Ibnu Baththah Al-‘Ukbariy rahimahullah adalah ulama Ahlus-Sunnah kenamaan di masanya. Nama aslinya adalah Abu ‘Abdillah ‘Ubaidullah bin Muhammad bin Muhammad bin Hamdaan bin ‘Umar bin ‘Iisaa bin Ibraahiim bin Sa’d bin ‘Itbah bin Farqad Al-‘Ukbariy Al-Hanbaliy.
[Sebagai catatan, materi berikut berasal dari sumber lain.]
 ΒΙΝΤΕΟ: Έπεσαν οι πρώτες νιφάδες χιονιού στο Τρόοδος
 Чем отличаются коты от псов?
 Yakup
Ia lahir pada tahun 304 H dan wafat tahun 387 H. Adz-Dzahabiy berkata : “Ia seorang imam dalam sunnah dan fiqh[1]” [Miizaanul-I’tidaal, 3/15 no. 5394].
وَذَلِكَ أَنَّ أَصْلَ الإِيمَانِ بِاللَّهِ الَّذِي يَجِبُ عَلَى الْخَلْقِ اعْتِقَادُهُ فِي إِثْبَاتِ الإِيمَانِ بِهِ ثَلاثَةُ أَشْيَاءَ:
أَحَدُهَا: أَنْ يَعْتَقِدَ الْعَبْدُ آنِيَّتَهُ لِيَكُونَ بِذَلِكَ مُبَايِنًا لِمَذْهَبِ أَهْلِ التَّعْطِيلِ الَّذِينَ لا يُثْبِتُونَ صَانِعًا،
وَالثَّانِي: أَنْ يَعْتَقِدَ وَحْدَانِيَّتَهُ، لِيَكُونَ مُبَايِنًا بِذَلِكَ مَذَاهِبَ أَهْلِ الشِّرْكِ الَّذِينَ أَقَرُّوا بِالصَّانِعِ، وَأَشْرَكُوا مَعَهُ فِي الْعِبَادَةِ غَيْرَهُ.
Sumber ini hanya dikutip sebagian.